START Task input
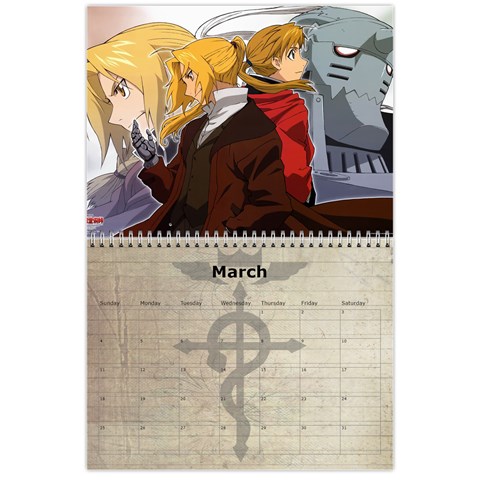 Fma Calendar By Krystal Mar 2012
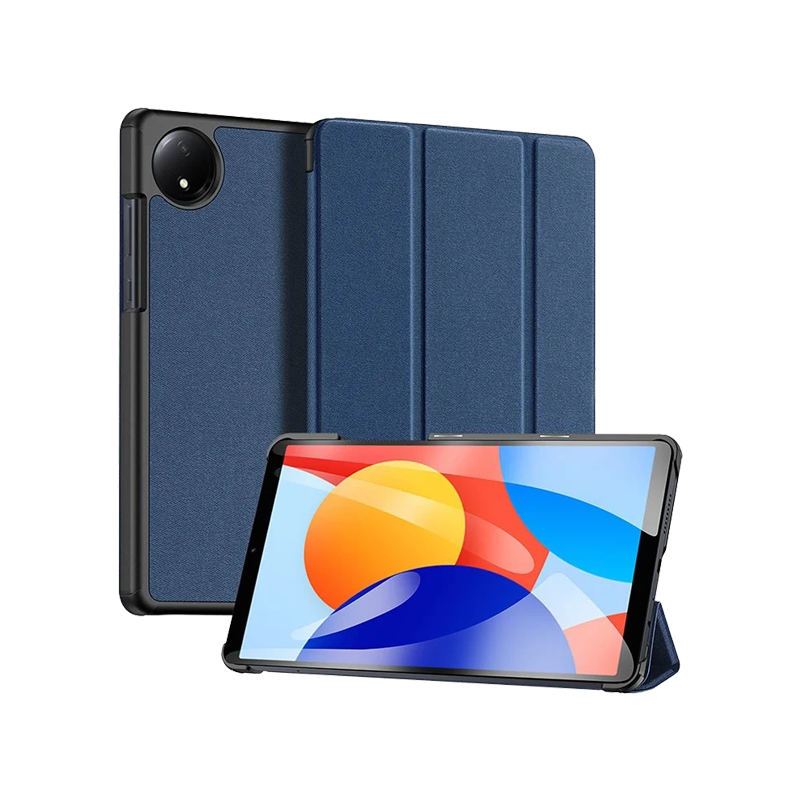 Tri-fold Stand Tablet Cover for Xiaomi Redmi Pad SE Blue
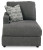 Ashley Edenfield Charcoal 3-Piece Sectional with LAF Sofa / RAF Chaise and Ottoman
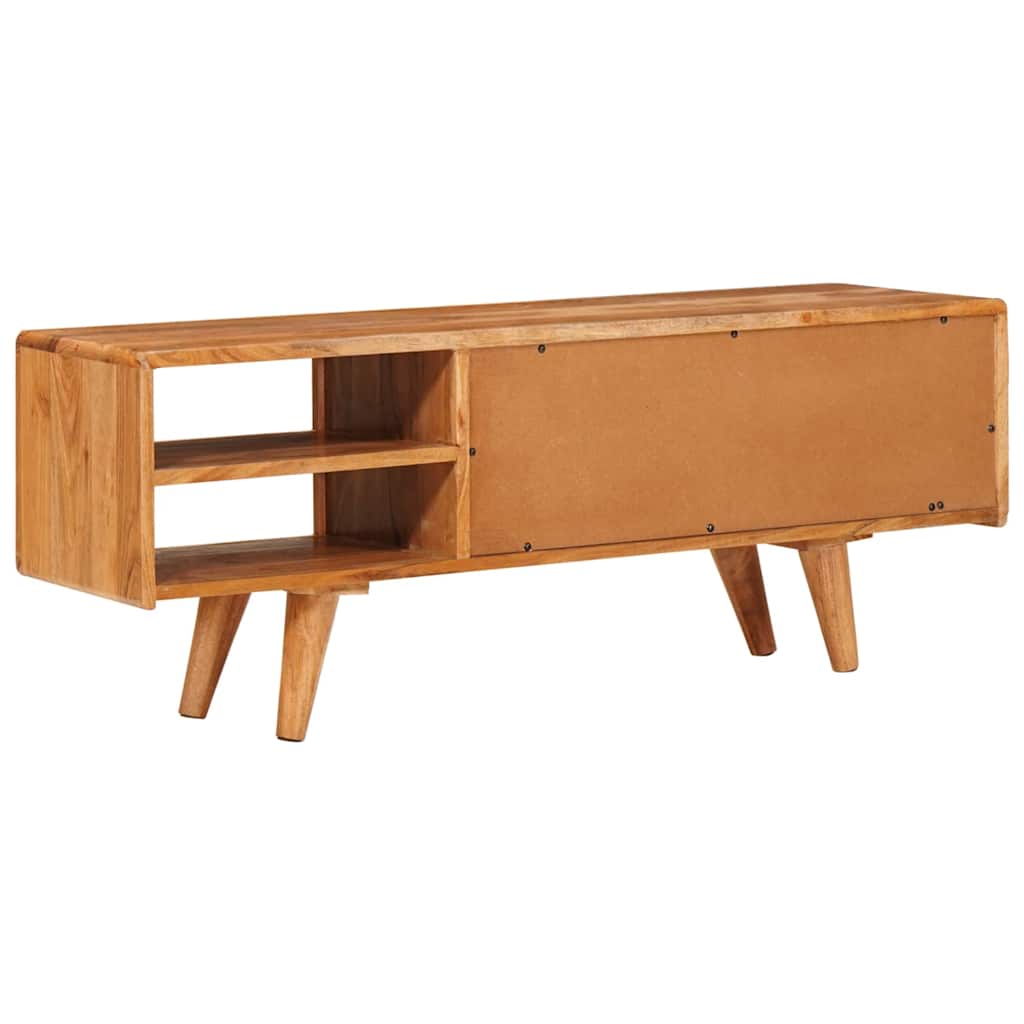 TV-skab med hylde Brun 110 x 30 x 40 cm Massivt Akacietræ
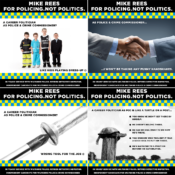 Social media posts for PCC Candidate Mike Rees (He should've won)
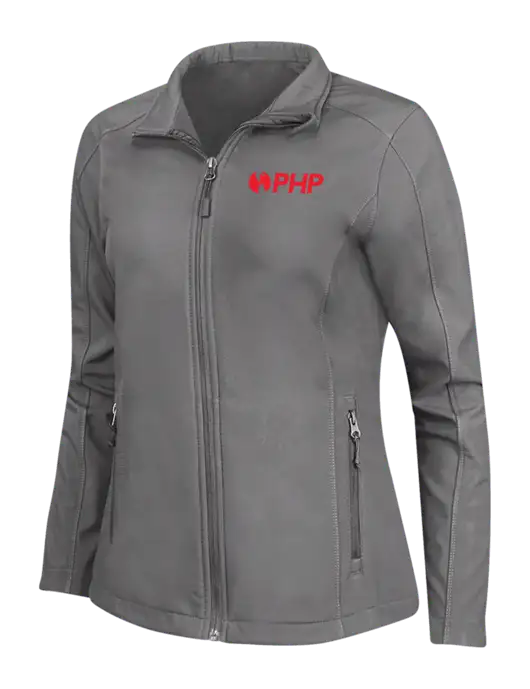 Medium Grey Womens Core Soft Shell Jacket w/PHP Agency Logo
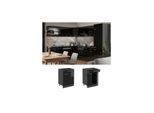 Vicco Schubunterschrank Küchenschrank R-Line Solid Anthrazit Schwarz 60 cm modern
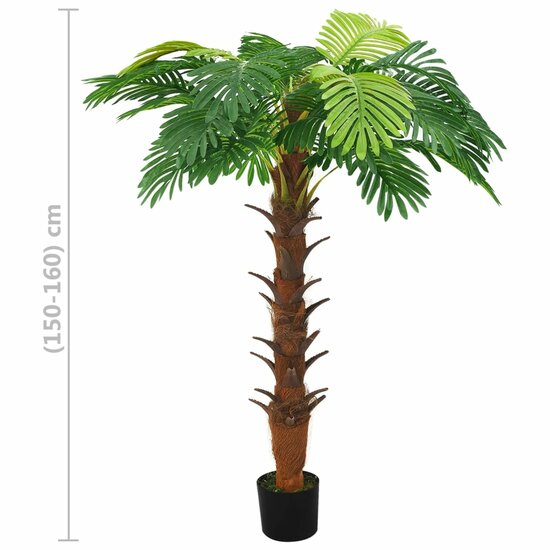 Kunstplant met pot cycaspalm 160 cm groen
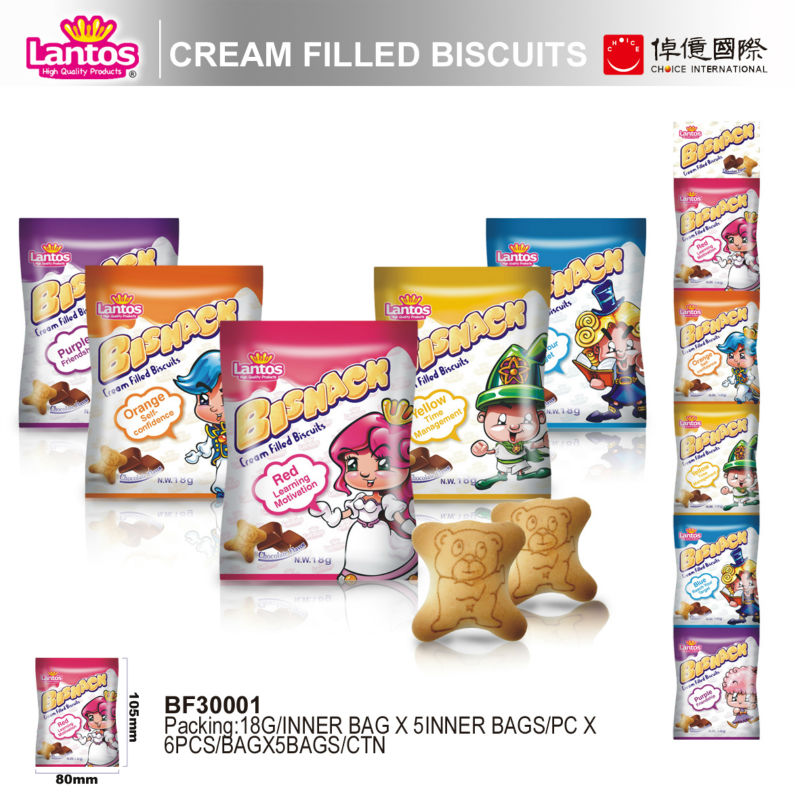 LANTOS 18G BISCUIT WITH CHOCOLATE FILLING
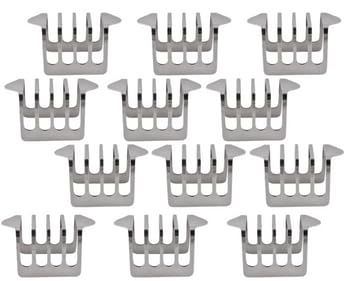 iKonbi Set of 12 Toast Rack with 4 Slit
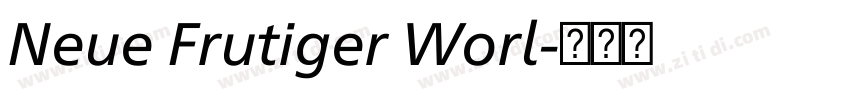 Neue Frutiger Worl字体转换 Neue Frutiger Worl字体转换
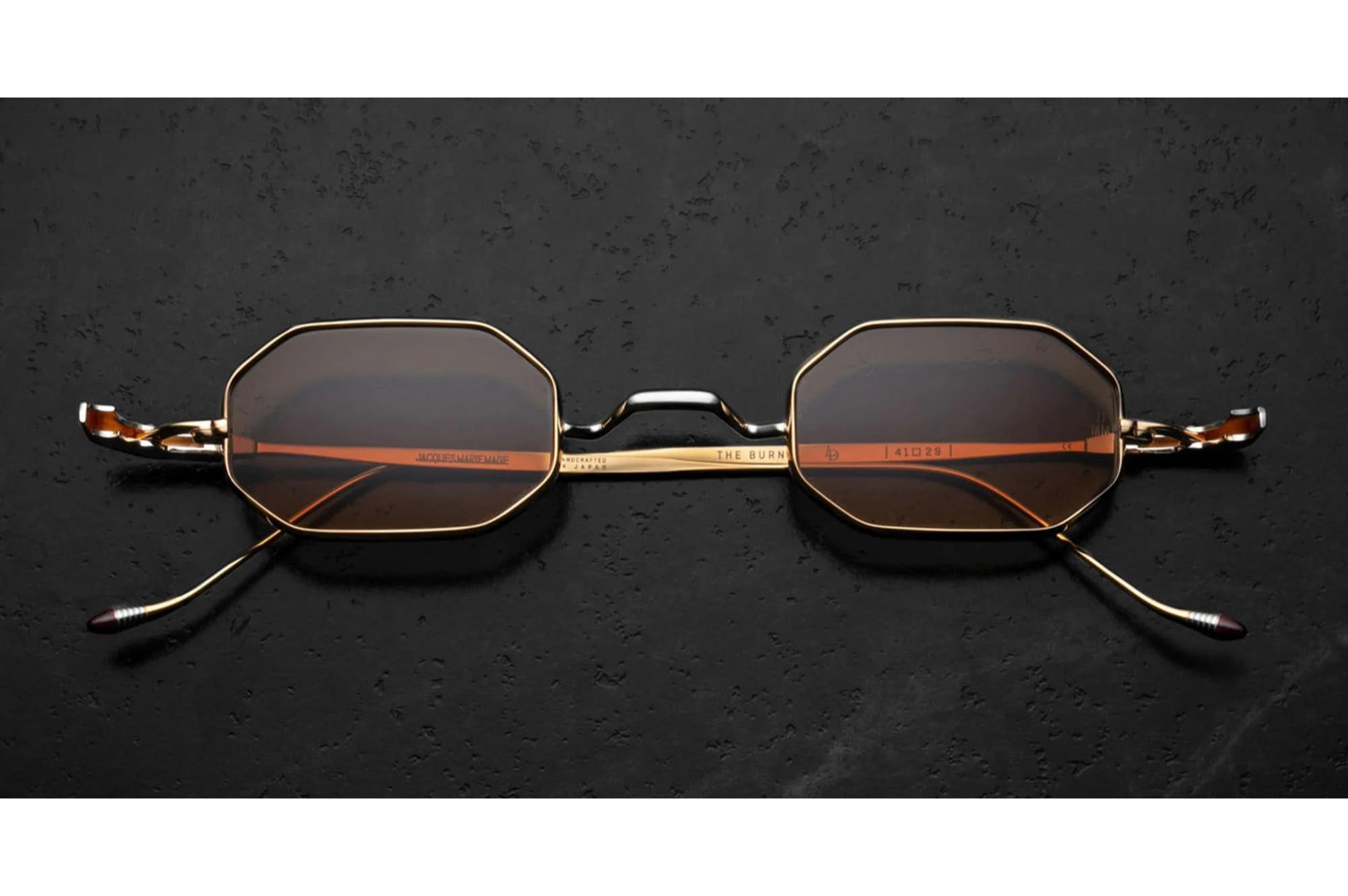 Occhiali sole Jacques Marie Mage The Burn JMMTB-40 Gold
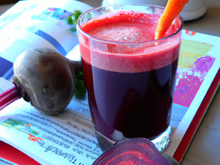 Jus vivifiant betterave-carotte-gingembre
END Task input
**To do:** Print the lines from the line containing "iKonbi Set of 12 Toast Rack with 4 Slit" through the last line of the listing, exactly as they stand, and leave any pictures out.

**Result of this exercise:**
 iKonbi Set of 12 Toast Rack with 4 Slit
 Neue Frutiger Worl字体转换 Neue Frutiger Worl字体转换
 Occhiali sole Jacques Marie Mage The Burn JMMTB-40 Gold
 Jus vivifiant betterave-carotte-gingembre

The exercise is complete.